● ACTION ITEM
Take from the entries below the stretch from the line with "Professional Bass Catcher" through the line with "AGENCIJA MCCANN LJUBLJANA", and return it exactly, leaving the pictures out.

● TASK INPUTS
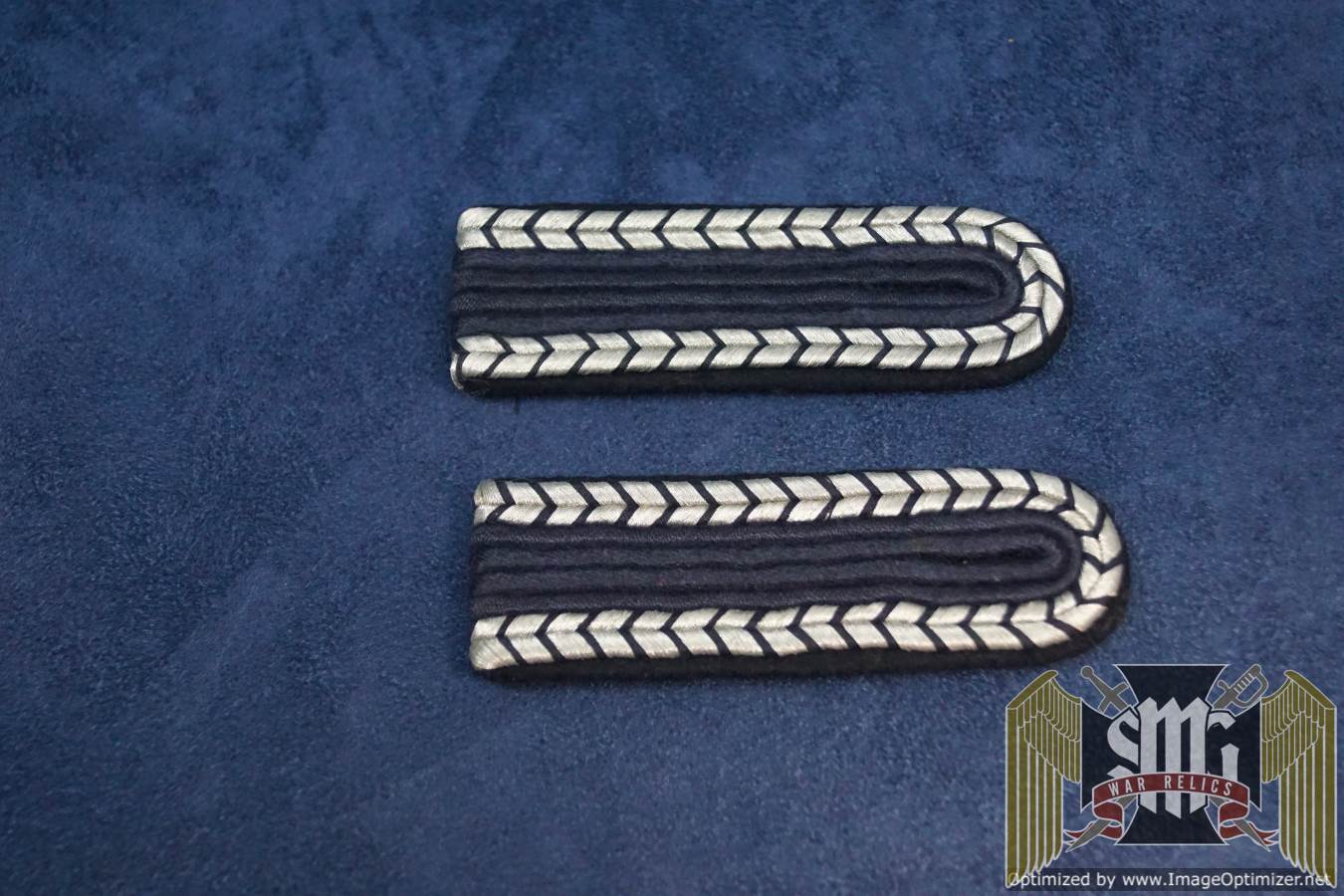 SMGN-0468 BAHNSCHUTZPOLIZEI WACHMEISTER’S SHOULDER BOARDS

==

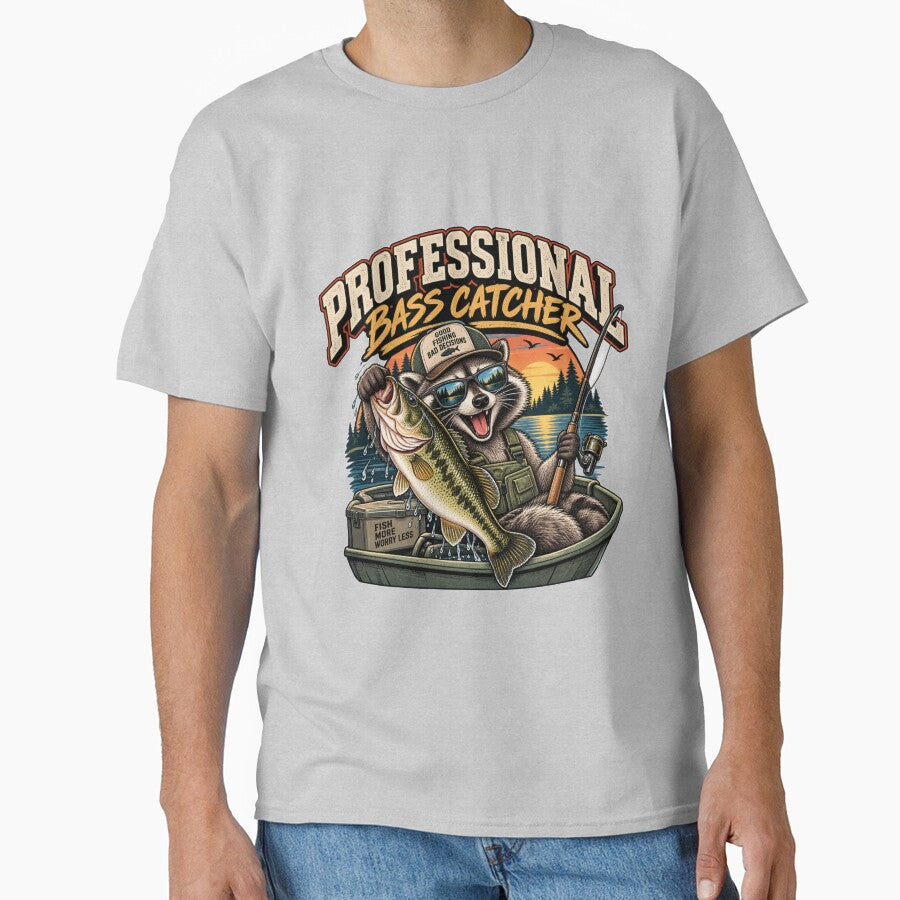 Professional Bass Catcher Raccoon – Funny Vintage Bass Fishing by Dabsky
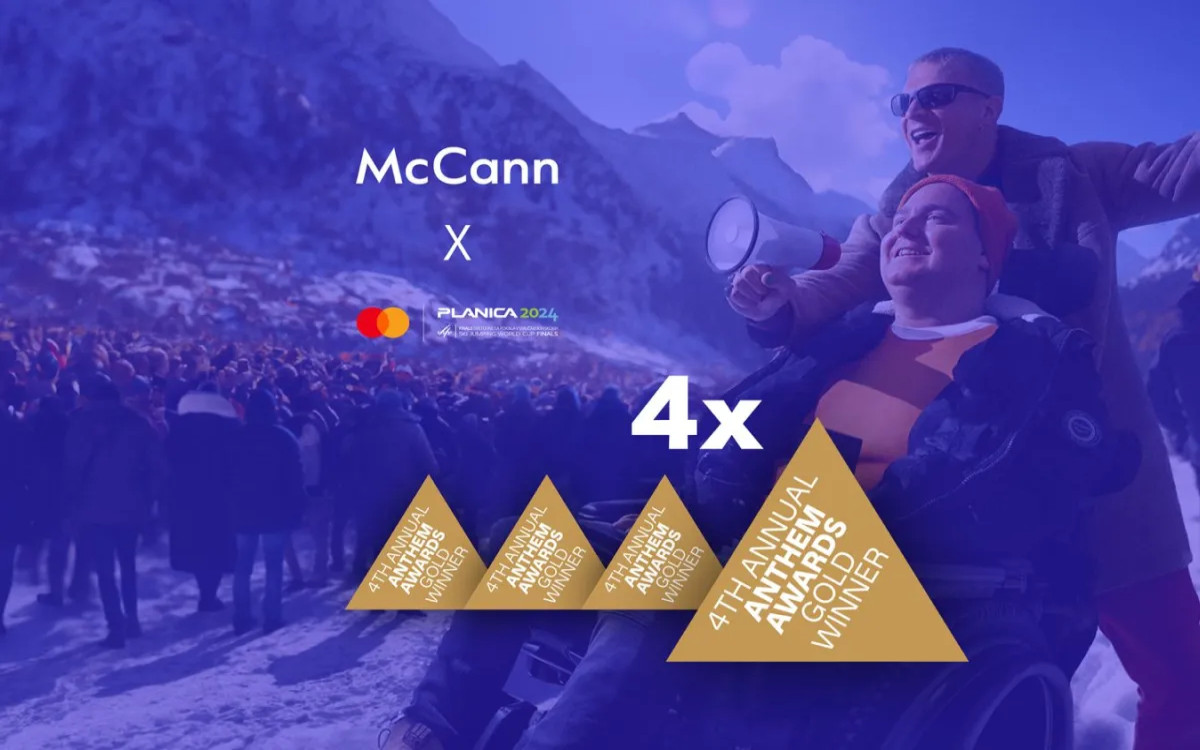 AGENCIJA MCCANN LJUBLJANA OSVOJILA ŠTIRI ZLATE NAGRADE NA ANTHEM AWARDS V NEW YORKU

● EXPECTED ANSWER
 Professional Bass Catcher Raccoon – Funny Vintage Bass Fishing by Dabsky
 AGENCIJA MCCANN LJUBLJANA OSVOJILA ŠTIRI ZLATE NAGRADE NA ANTHEM AWARDS V NEW YORKU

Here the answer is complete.